In the first approach, data of lanes and roads is gathered by driving with additional sensors such as camera, lidar, GPS and inertial measurement unit (IMU) [2]. Depending on the technique used, the data can be directly fed to an unsupervised learning process or preprocessed to find the ground truth information before being used as inputs of a supervised learning process. In both cases, advantages of scene knowledge significantly improve the performance of lane and road detection. This approach however faces two main drawbacks. First, it requires large datasets of annotated training examples which are hard and costly to build. Second, it lacks efficient structures to represent the collected 3D data for training and online computation. As those data are usually gathered under large-scale scenes and from multiple cameras, current 3D data structures such as TSDF volumes [6], 3D point clouds [7], or OctNets [8] are highly memory-consuming for real-time processing.

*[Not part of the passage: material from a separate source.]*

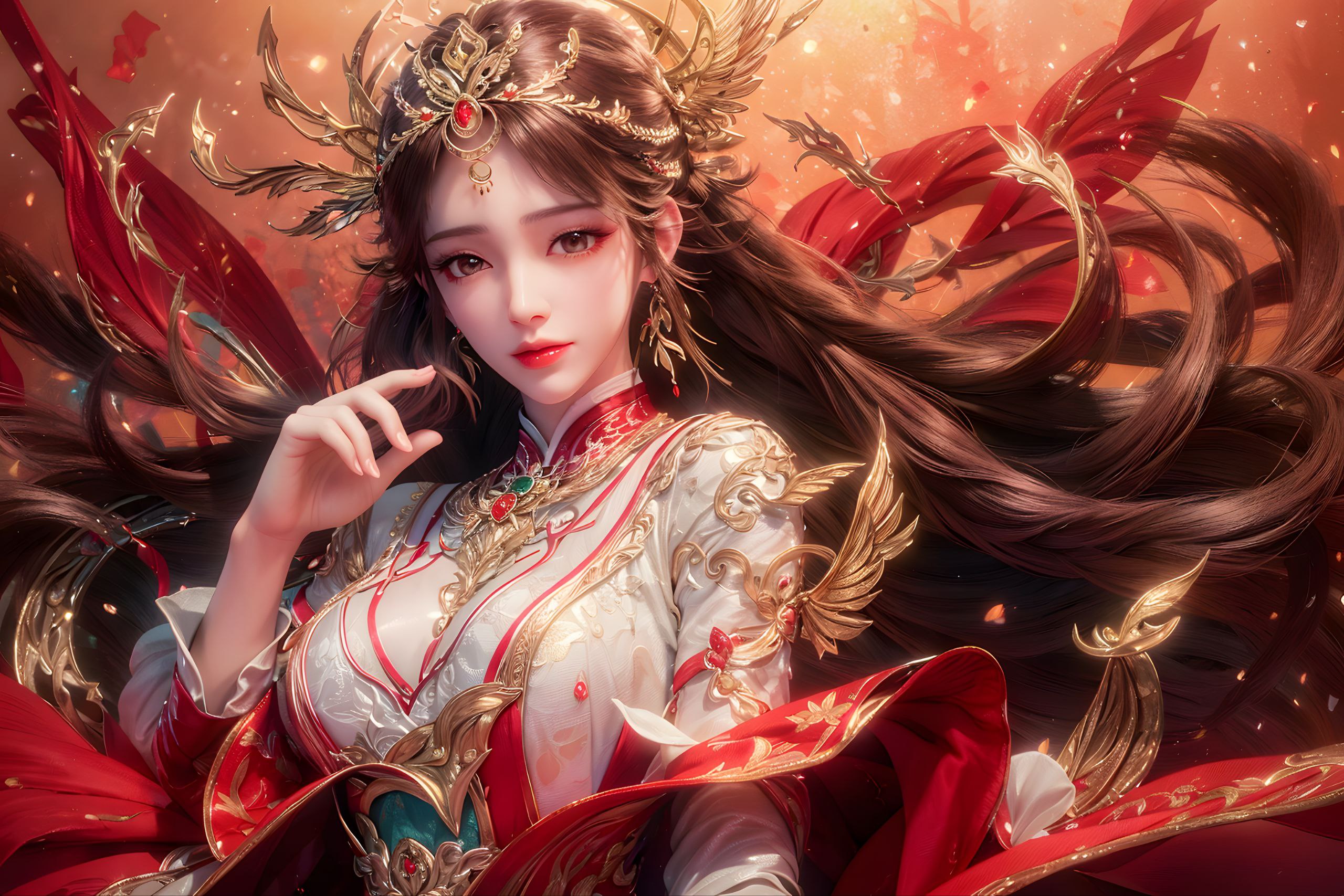载速度快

In the bottom-up feature extraction approach, low-level features based on specific shapes and colours are employed to detect lane markers [1]. In [11, 12], gradients and histograms are used to extract edge and peak features. In [13], steerable filters are introduced to measure directional responses of images using convolution with three kernels. The template matching based on a bird’s-eye view transformed image are proposed in [14] to improve the robustness of lane detection. Compared with machine learning, the feature-based approach requires less computation and smaller datasets. The detection results however are greatly influenced by lighting conditions, intensity spikes and occluded objects [11, 12, 14].

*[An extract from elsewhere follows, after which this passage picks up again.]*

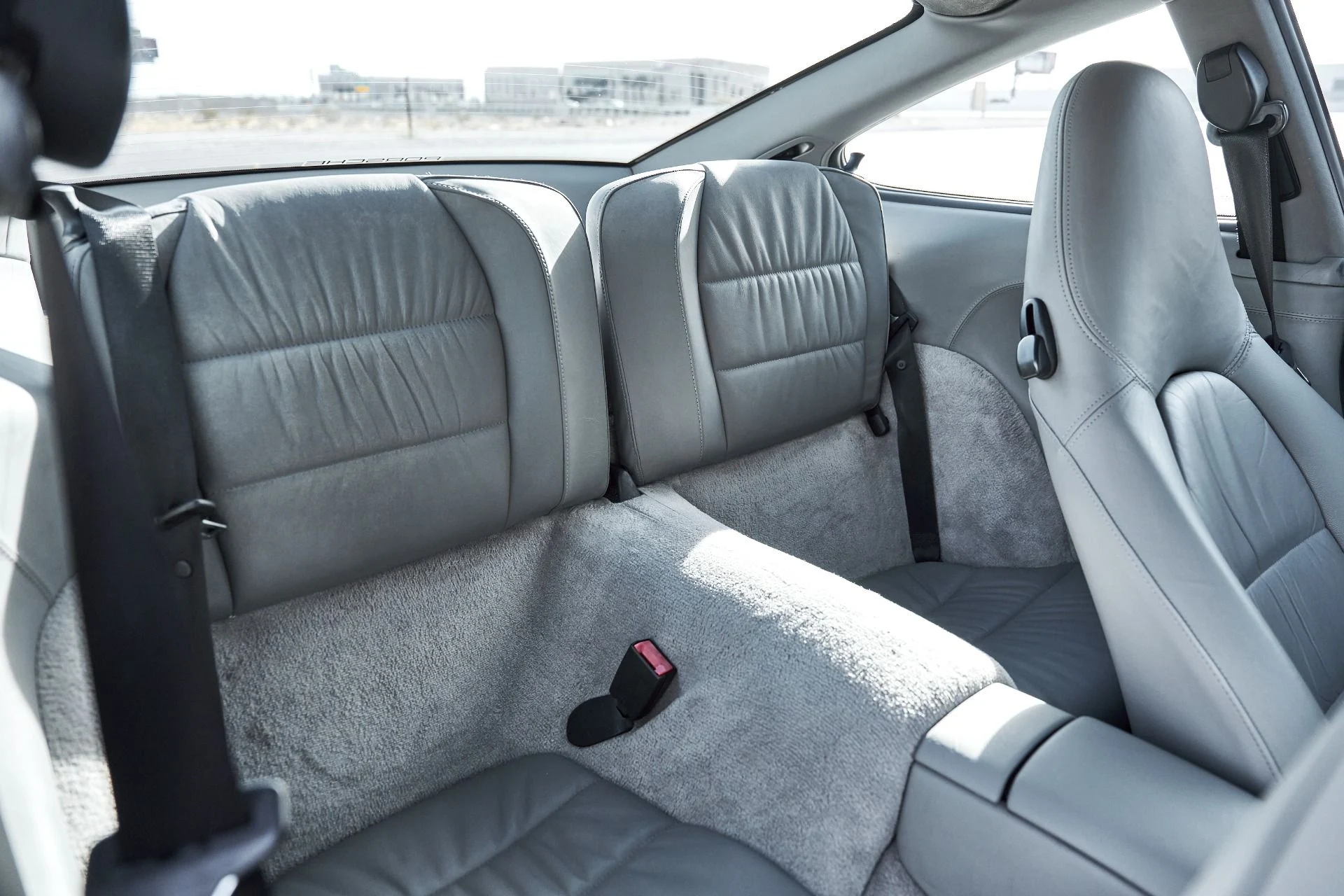 mph039_3276882946_Used_2002_Porsche_911_Carrera_1766458466_e075887280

On another note, both aforementioned approaches mainly rely on colour (RGB) images. The depth (D) information however has not been exploited. In lane marker detection, using both depth and colour information can dramatically increase the accuracy and robustness of the estimation tasks, e.g, obstacles like cars and pedestrians can be quickly detected and rejected by using depth information with a known ground model. The problem here is the misalignment between the colour and depth pixels which are recorded by different sensors such as RGB camera and lidar with heterogeneous resolutions and ranges. With recent advance in sensory technology, this problem can be handled by using RGB-D sensors such as Microsoft Kinect and Intel Realsense SR300 [3, 4, 5]. Those sensors can provide synchronised RGB-D streams at a high frame rate in both indoor and outdoor environments by using structured-light and time-of-flight technologies.

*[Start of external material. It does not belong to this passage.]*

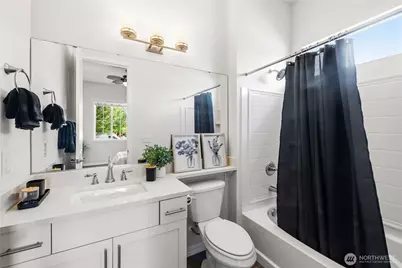14308 189th Avenue Ct E, Bonney Lake, WA 98391 - Photo 25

In this paper, we present a novel method for lane boundaries tracking using a single RGB-D camera. Low-level features of land markers are first extracted by using template matching with enhancements from geometric features. Dynamic thresholds are then applied to obtains the lane boundaries. Here, our contributions are threefold: (i) the formulation of a respond map for lane marker by using both colour and depth information; (ii) the proposal of a processing pipeline and refining feedback for RGB-D template matching; and (iii) the creation of 3D lane model estimation method by using high reliable lane marker points to deal with overwhelmed outlying data in scenes.
II Methodology
An overview of the proposed lane detector is shown in Fig.1. A single RGB-D camera attached to the vehicle is used to collect data of the environment. Recorded RGB images are then converted to binary images whereas depth ones are registered and transformed into 3D point clouds. Respond maps of lane markers are then built based on the combination of template matching and geometric feature outputs. The principal component analysis (PCA) technique is then used to refine the templates used. Finally, lane locations are obtained based on its model with a set of detected feature points. Details of each stage are described as follows.

II-A Image pre-processing
In this stage, data from RGB channels are combined and converted to a eight-bit, grayscale image. This image is then converted to a half-binary format by using a threshold so that the intensity of a pixel is set to zero if its value is smaller than . At the same time, data from depth channel is transformed to a 2D matrix of 3D points in which the coordinate of each point, , is determined by:
(1) |
where is the depth value at location of the 2D matrix and and are the center and focal length of the camera, respectively. The Fast Approximate Least Squares (FALS) method is then employed to obtain 3D surface normals [15]. It includes three steps: identifying neighbours, estimating normal vectors based on those neighbours, and refining the direction of the obtained normal vectors. Specifically, a small rectangular window of size around the point to be estimated is first determined. Least squares are then formulated to find the plane parameters that optimally fit the surface of that window. The optimisation process uses a loss function defined based on spherical coordinates to find the plane parameters in the local area as:
(2) |
where is the unit vector, is the range of point in the window , and is the normal vector. is computed by:
(3) |
where and . As matrix only depends on parameters of the camera, it can be pre-computed to reduce the number of multiplications and additions required for computing surface normals.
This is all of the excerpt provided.